# I miss my white wheels :(



## nitestridar (Jun 29, 2002)

I really love my graphite wheels but they might have to go..
I really think I am going to go back to white..

Plus more people rev on me at a light with these wheels compared to the white ones ..



How it is now 










How it was










when I bought it with se-l wheels.


----------



## nitestridar (Jun 29, 2002)

btw I just noticed my altezza tails


----------



## Neil (Aug 13, 2002)

i still like the darker look better but thats just me, its your car!

if they only made white brake pads so when they dusted they'd at least dust white


----------



## whiteb14 (Jul 7, 2002)

i like the graphite ser wheels better than the white wheels... but of course, im a bit partial since I HAVE THE SAME WHEELS!


----------



## nitestridar (Jun 29, 2002)

I know ..

Every meet I go to I have 2 or 3 people asking me to paint thier wheels for them. 

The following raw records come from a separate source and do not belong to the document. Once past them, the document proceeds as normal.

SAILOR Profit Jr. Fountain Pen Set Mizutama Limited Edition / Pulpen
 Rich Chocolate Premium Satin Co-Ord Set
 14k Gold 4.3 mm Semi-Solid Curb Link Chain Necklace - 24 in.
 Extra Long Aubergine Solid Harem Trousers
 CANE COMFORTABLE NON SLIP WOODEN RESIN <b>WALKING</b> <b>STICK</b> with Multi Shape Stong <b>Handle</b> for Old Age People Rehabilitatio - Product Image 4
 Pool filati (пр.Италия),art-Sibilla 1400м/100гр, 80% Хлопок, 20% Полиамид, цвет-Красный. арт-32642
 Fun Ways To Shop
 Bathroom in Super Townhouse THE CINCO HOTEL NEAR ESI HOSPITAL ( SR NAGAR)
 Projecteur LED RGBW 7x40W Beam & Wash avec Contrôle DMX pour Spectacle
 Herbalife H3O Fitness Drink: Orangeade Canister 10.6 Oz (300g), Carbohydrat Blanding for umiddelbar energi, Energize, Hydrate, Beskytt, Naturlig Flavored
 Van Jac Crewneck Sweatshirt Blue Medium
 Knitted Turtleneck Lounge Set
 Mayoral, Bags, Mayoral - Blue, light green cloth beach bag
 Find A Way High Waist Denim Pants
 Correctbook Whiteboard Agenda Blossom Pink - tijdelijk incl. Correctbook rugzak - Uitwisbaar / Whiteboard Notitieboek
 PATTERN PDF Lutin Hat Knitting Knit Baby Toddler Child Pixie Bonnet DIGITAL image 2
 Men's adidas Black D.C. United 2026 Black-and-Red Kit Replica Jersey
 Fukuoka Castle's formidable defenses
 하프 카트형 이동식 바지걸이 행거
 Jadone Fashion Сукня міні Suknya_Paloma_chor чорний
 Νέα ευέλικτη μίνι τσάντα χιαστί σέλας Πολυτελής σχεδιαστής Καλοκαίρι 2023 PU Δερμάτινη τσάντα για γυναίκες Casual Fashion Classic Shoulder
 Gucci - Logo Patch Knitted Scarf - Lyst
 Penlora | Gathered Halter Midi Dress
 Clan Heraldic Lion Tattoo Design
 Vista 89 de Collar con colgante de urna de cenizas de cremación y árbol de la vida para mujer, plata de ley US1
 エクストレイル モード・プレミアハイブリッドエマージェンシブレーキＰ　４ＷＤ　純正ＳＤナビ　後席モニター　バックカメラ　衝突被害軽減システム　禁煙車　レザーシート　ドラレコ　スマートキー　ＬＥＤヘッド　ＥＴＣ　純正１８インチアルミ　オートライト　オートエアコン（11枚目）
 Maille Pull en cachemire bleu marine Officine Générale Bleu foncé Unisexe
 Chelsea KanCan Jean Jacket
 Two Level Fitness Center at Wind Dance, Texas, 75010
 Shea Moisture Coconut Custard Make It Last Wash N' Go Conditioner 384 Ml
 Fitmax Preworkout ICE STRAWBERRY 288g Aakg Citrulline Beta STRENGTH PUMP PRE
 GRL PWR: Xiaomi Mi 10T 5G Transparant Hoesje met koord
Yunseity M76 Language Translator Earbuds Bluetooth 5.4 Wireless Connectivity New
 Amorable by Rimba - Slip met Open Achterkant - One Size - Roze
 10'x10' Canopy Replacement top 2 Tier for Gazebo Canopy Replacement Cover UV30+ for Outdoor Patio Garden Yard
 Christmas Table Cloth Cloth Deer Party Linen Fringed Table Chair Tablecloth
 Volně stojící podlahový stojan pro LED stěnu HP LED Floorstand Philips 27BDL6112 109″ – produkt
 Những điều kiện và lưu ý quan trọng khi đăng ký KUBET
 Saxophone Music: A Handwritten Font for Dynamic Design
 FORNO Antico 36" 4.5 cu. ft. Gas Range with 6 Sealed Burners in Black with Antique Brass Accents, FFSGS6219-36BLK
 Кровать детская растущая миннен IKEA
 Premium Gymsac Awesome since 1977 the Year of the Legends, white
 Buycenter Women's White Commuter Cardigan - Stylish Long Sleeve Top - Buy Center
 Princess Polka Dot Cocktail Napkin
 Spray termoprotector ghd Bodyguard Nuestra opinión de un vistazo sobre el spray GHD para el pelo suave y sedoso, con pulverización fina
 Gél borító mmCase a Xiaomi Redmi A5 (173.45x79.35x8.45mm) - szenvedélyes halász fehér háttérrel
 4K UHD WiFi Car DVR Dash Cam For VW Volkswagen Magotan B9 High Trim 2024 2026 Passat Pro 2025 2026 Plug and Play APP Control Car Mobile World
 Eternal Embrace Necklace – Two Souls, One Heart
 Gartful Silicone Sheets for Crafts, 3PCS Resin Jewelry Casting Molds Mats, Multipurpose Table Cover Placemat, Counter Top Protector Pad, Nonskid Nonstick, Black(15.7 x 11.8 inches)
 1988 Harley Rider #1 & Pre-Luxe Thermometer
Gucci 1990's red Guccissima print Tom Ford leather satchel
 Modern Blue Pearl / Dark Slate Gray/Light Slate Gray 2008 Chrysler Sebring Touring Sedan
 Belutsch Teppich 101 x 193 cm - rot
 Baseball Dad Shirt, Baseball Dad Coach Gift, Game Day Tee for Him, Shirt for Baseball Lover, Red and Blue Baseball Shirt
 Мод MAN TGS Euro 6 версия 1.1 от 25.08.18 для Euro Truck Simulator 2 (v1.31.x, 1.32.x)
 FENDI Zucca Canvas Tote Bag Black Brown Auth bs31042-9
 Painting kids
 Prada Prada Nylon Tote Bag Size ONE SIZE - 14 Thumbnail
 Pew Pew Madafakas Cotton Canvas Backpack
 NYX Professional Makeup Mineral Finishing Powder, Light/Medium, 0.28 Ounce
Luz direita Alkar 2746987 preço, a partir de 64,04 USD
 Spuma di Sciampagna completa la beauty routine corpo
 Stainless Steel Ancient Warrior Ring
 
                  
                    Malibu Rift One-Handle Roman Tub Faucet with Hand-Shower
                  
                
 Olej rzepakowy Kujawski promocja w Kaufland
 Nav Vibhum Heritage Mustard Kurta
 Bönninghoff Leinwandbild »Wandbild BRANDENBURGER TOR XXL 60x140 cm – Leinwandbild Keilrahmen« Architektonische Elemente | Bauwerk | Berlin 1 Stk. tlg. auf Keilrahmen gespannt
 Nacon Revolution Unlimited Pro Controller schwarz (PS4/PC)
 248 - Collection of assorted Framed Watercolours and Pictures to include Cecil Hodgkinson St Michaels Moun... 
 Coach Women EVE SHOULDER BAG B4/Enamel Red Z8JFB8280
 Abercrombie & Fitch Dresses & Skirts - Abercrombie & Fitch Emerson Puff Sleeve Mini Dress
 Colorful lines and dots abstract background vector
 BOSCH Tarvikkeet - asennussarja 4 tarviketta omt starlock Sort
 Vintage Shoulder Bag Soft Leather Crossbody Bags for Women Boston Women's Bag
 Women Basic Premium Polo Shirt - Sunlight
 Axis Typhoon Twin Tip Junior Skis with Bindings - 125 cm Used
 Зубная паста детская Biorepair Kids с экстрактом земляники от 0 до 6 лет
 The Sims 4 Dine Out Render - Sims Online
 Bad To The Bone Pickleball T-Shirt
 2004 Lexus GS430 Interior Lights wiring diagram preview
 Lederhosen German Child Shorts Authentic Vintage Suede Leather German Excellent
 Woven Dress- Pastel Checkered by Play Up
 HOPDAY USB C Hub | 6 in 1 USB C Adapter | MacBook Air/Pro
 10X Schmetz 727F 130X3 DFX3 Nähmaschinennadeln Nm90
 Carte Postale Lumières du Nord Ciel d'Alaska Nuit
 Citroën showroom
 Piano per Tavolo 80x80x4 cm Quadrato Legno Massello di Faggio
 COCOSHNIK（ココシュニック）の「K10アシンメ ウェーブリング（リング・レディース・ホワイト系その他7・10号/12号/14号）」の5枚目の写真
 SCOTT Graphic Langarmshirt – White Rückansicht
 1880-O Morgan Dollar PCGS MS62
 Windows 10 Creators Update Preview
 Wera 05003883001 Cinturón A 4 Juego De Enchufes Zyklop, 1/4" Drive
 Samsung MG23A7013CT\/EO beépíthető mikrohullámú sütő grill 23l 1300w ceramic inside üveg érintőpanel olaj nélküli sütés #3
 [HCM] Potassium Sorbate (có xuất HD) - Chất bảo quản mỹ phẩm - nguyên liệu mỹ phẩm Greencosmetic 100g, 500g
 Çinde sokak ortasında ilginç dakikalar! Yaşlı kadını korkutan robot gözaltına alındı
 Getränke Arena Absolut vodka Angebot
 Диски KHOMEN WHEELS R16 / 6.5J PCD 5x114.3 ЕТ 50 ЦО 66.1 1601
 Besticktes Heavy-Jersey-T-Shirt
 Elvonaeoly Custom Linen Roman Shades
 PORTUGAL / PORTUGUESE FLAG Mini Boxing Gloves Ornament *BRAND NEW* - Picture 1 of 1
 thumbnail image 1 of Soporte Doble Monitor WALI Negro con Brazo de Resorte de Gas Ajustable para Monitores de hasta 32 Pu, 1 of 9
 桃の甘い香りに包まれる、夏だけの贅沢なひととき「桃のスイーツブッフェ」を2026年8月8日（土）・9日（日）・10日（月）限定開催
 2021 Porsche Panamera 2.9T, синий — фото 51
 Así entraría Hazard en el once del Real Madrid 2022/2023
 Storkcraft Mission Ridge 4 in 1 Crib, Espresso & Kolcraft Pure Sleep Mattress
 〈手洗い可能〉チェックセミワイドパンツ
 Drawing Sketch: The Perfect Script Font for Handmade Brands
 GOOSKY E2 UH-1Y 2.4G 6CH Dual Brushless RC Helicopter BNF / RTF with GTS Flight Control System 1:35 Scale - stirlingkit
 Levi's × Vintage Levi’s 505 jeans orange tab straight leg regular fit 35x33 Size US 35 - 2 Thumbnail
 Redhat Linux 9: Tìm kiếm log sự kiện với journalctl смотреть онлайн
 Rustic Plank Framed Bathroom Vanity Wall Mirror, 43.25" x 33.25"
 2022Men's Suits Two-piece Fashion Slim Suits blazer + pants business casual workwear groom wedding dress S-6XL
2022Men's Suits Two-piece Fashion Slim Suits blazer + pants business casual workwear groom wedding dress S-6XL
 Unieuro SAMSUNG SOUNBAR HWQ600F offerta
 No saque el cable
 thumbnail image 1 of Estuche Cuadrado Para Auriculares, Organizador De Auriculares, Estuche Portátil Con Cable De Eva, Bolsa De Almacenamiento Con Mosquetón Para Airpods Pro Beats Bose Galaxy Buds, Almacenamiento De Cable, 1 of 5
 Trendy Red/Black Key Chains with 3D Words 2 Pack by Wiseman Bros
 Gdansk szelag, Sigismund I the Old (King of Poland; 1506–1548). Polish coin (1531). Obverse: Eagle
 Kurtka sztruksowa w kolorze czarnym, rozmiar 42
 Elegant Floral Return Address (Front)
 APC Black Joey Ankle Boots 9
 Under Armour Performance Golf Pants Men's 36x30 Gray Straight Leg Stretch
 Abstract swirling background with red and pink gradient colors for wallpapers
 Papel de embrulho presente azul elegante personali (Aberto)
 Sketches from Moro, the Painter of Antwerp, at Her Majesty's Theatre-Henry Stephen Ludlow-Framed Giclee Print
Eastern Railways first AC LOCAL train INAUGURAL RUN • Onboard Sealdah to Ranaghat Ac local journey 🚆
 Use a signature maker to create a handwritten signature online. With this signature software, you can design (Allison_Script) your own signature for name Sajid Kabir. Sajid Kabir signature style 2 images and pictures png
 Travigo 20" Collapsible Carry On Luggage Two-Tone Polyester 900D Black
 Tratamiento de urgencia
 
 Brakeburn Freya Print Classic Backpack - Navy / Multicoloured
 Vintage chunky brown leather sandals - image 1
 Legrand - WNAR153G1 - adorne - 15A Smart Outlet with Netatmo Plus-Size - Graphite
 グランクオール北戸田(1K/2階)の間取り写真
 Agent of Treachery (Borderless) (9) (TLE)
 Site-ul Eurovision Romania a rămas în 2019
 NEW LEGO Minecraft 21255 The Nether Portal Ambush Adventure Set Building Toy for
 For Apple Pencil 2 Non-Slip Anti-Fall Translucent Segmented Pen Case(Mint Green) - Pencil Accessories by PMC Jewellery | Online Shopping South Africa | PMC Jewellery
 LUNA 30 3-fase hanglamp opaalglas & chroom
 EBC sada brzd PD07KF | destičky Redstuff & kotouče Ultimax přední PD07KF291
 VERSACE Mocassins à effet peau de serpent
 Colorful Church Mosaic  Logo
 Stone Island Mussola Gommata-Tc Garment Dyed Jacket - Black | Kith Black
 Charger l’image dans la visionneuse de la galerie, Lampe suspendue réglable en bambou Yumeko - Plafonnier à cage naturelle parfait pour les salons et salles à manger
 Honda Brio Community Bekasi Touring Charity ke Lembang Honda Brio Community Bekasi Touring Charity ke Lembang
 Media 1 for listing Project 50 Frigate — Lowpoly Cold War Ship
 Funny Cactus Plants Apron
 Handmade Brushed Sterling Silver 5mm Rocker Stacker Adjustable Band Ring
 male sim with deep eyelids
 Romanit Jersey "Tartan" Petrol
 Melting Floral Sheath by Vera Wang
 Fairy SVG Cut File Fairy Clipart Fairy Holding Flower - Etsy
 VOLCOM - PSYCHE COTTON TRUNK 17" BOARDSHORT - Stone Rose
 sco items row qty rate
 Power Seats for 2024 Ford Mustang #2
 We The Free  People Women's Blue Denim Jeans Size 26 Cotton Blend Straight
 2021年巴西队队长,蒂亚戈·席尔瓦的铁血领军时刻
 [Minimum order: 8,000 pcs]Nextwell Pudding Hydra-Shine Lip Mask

thats the first thing they notice on my car is the custom painted wheels.


----------



## Equivocal (Sep 6, 2002)

Paint the Se-R's white!


----------



## whiteb14 (Jul 7, 2002)

Equivocal said:


> *Paint the Se-R's white!  *



very good idea... if anything do one of them to compare and if u dont like, just paint it graphite again. i know duplicolor makes the white wheel paint.


----------



## RedSER93 (Apr 11, 2003)

i like the way both sets of rims looks


----------



## andre (Apr 30, 2002)

Bobby, I prefer the graphite....but thats just me.


----------



## nitestridar (Jun 29, 2002)

you see how diffrent the graphite looks (1st picture) 
to stock se-l wheels (3rd Picture)?


----------



## WRteam200sx (Mar 15, 2003)

i think you should keep it as is!... looks hot ...


----------



## MP2050 (May 1, 2002)

WRteam200sx said:


> *i think you should keep it as is!... looks hot ... *


wut he said!!!^^^^


----------



## nitestridar (Jun 29, 2002)

yeah you guys talked me into it .

I will leave it as is...

Plus I gotta fund the nitrous


----------



## Rama (Mar 8, 2003)

what's up with the B14 in the background of the first pic? BTW I like the rims the way they are now.


----------



## sentra_hilo (Apr 23, 2003)

i like the white. duno why but im just a fan of the white wheels. i like howit looks


----------



## nitestridar (Jun 29, 2002)

Rama said:


> *what's up with the B14 in the background of the first pic? BTW I like the rims the way they are now. *



thats my freind diego's car 


200sx se-r 96...

almost all his parts are stillen.


----------